Segundo um relatório da Ocean Conservancy de 2017, a Tailândia é um dos cinco países asiáticos que mais plástico manda para o mar. Os outros são a China, Indonésia, Filipinas e Vietname. Mais preocupante é saber que 50% do plástico mundialmente “consumido” é usado uma única vez e logo depois atirado fora, sendo que, sacos, embalagens e garrafas de plástico são os principais responsáveis por esta dura percentagem. Estima-se que, anualmente, cerca de 500 biliões de sacos de plástico são usados no mundo inteiro e, a cada minuto, é usado um milhão – os sacos de plástico têm uma média de utilização de 15 minutos mas podem levar entre 100 a 300 anos a decompor-se. O plástico é uma matéria de baixa reutilização, nomeadamente quando comparado com o papel ou com o ferro e aço, pelo que, os custos ambientais desta realidade são incomensuráveis. Apenas 14% do plástico é recolhido e reciclado por oposição ao papel e ao ferro e aço que já atingiram os 58% e os 90% respetivamente. Um milhão de garrafas de plástico são compradas a cada minuto no mundo e este número irá aumentar 20% até ao final de 2021, altura em que se estima a compra de meio trilião de garrafas de plástico no mesmo espaço temporal. Estes números são reais, impactantes e colocam urgência na necessidade mundial de lhes fazer frente.

Fatalmente, todos os estudos apontam para um crescimento massivo da presença de plástico nos oceanos e, projetando este dado no ano de 2050, acredita-se que haja mais plástico do que peixes (peso). Outra grande preocupação são os microplásticos ingeridos por peixes, ou por organismos que servem de alimento a esses peixes que depois entram, eventualmente, na nossa cadeia alimentar; quando alguém come peixe, está a consumir plástico!

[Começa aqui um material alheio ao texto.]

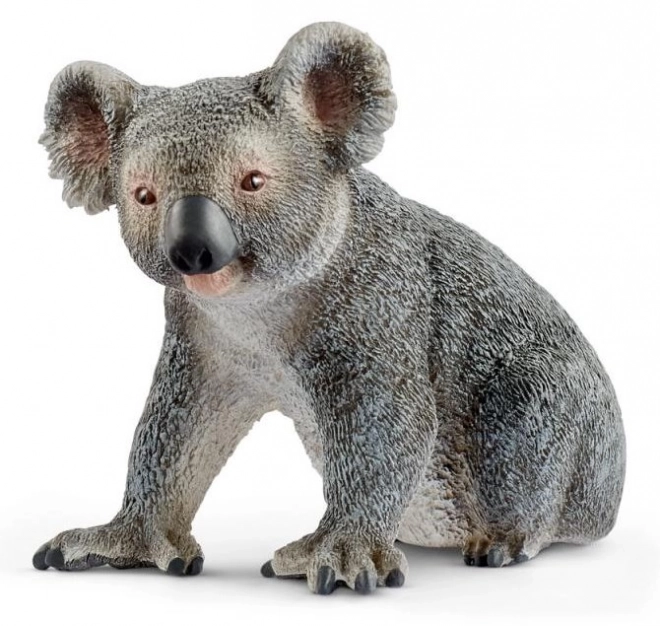 Koala figura a Schleich Wild Life-től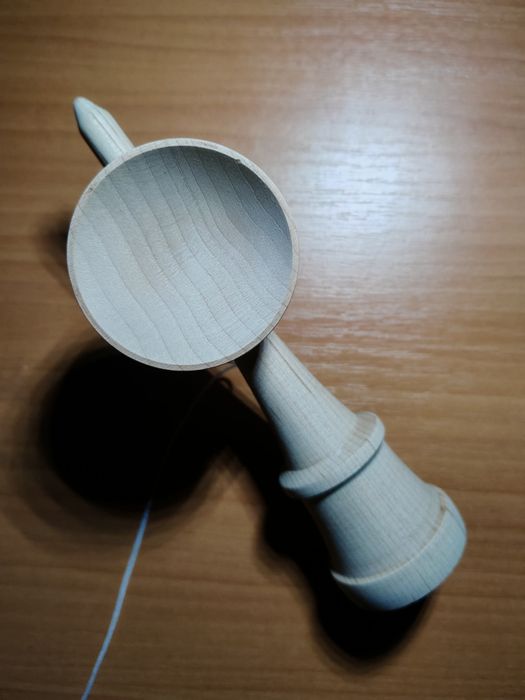 OK+ kendama (doar kenul de vânzare)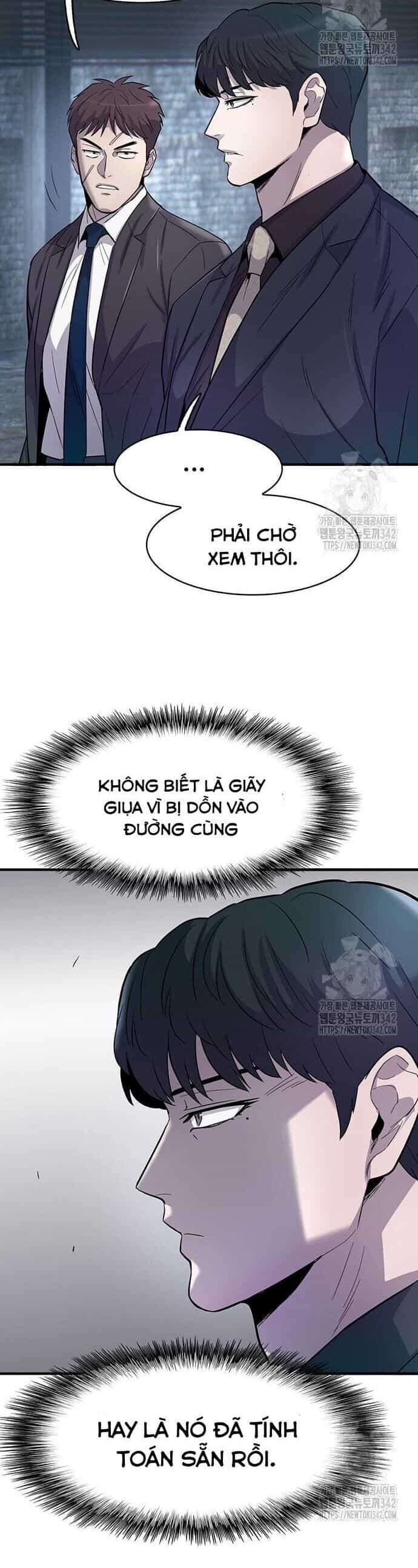 Bù Nhìn - Chương 79 - ảnh 34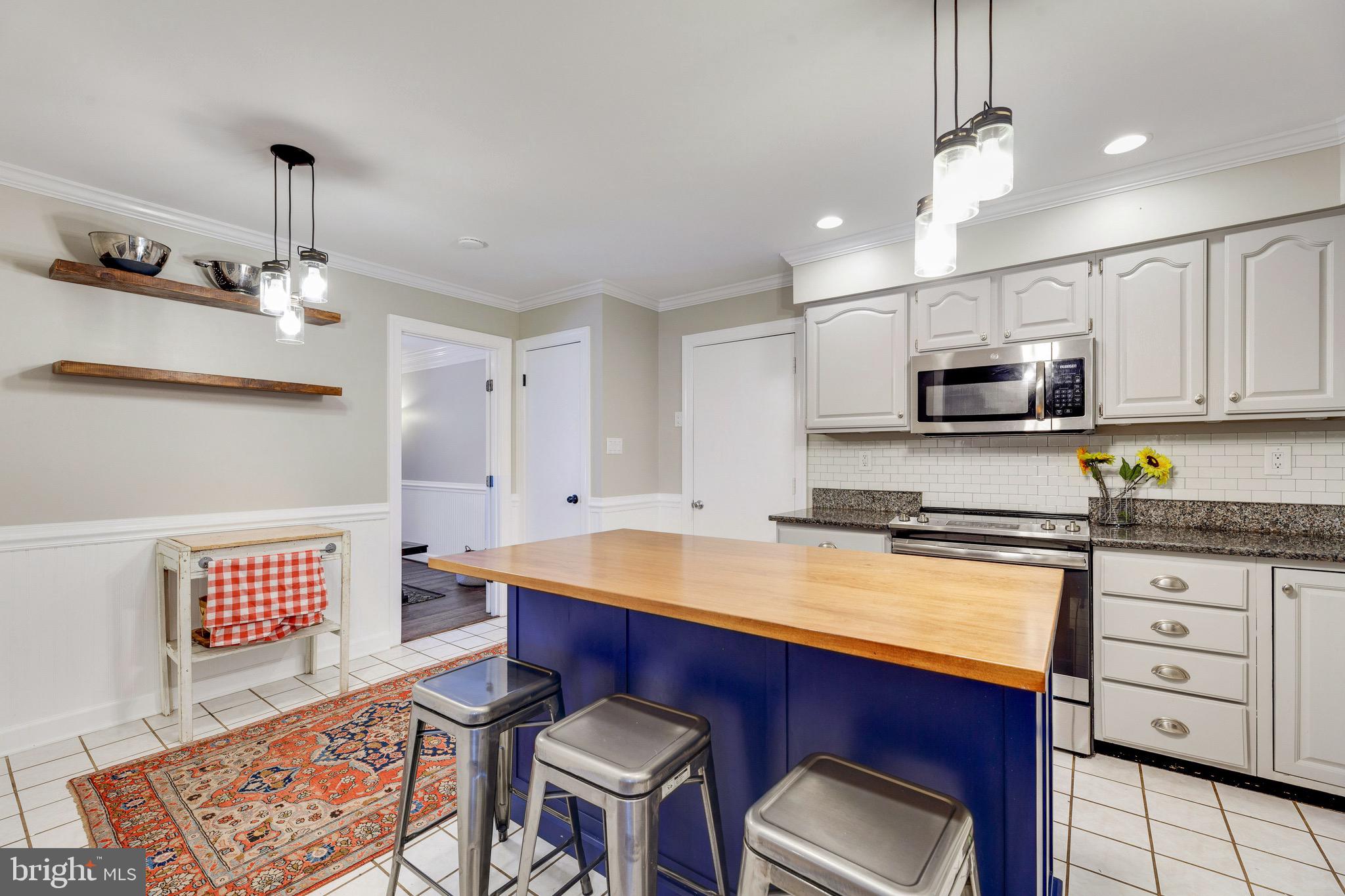 TARRINGTON CREEK - Residential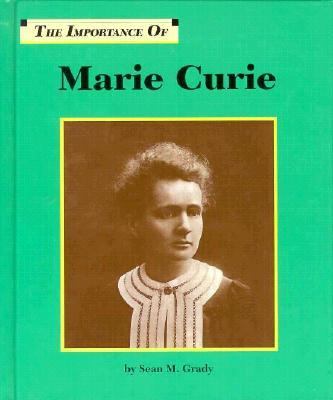 Marie Curie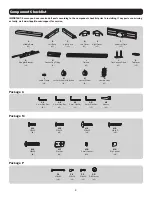 Preview for 3 page of Tripp Lite DMCVW4555X2 Owner'S Manual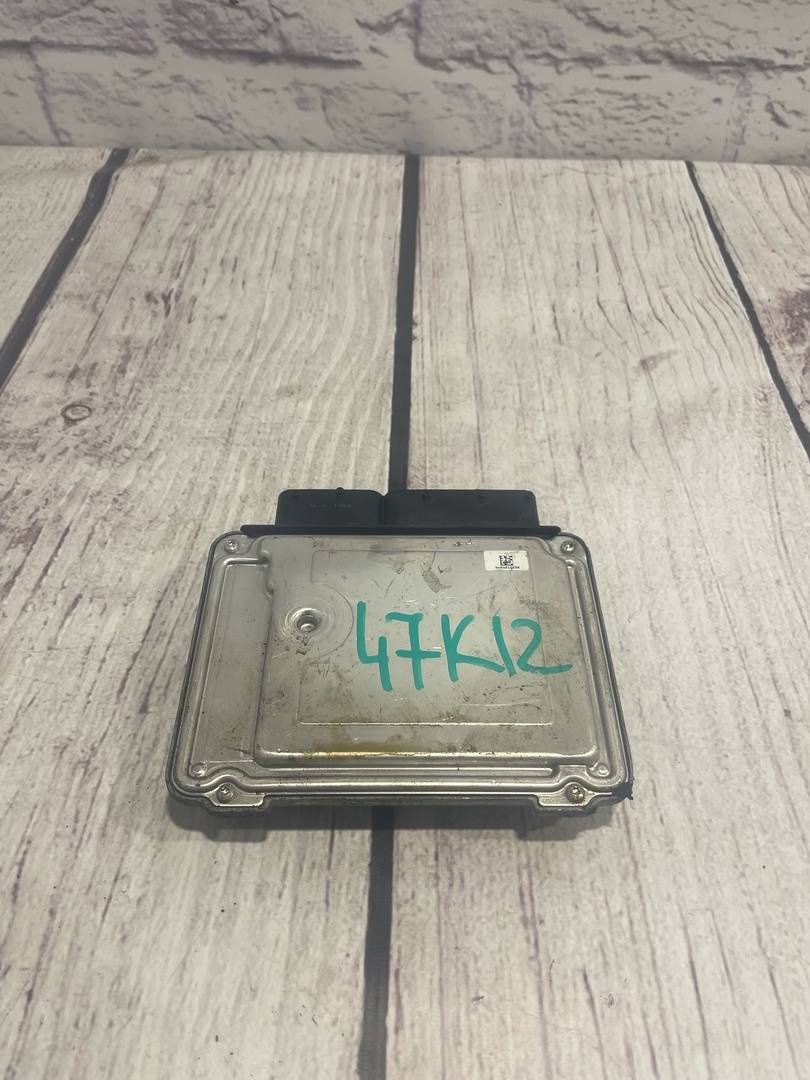 VW Tiguan 1 (2007-2011) для Блок управления двигателем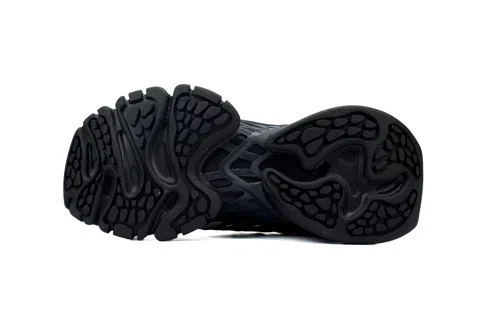 adidas XLG Runner Deluxe Triple Black – photo 6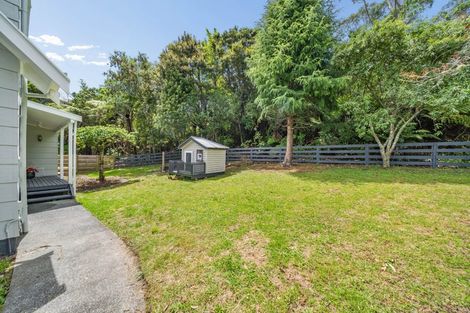 Photo of property in 13 King Charles Drive, Kingsley Heights, Upper Hutt, 5018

Efetivamente, o plástico apresenta baixo custo produtivo e uma imensidão de utilizações e tornou-se num dos materiais mais populares do mundo. Tudo somado temos grandes desafios pela frente. Desafios em termos comportamentais e desafios de limpeza para as populações no global. Desafios de reciclagem e de produção para a indústria no geral. A verdade é que precisamos mesmo fazer qualquer coisa.

A Comissão Europeia já anunciou que pretende banir dez artigos de plástico que representam cerca de 70% de tudo quanto anda pelos oceanos, em particular nas águas territoriais e nas praias da UE.  As palhinha, pratos, copos, sacos de gelo, sacos de lixo, plástico a cobrir produtos de papel e cartão, entre outros, têm que ter os dias contados, é necessário esforço redobrado: De todos! Pelo Planeta!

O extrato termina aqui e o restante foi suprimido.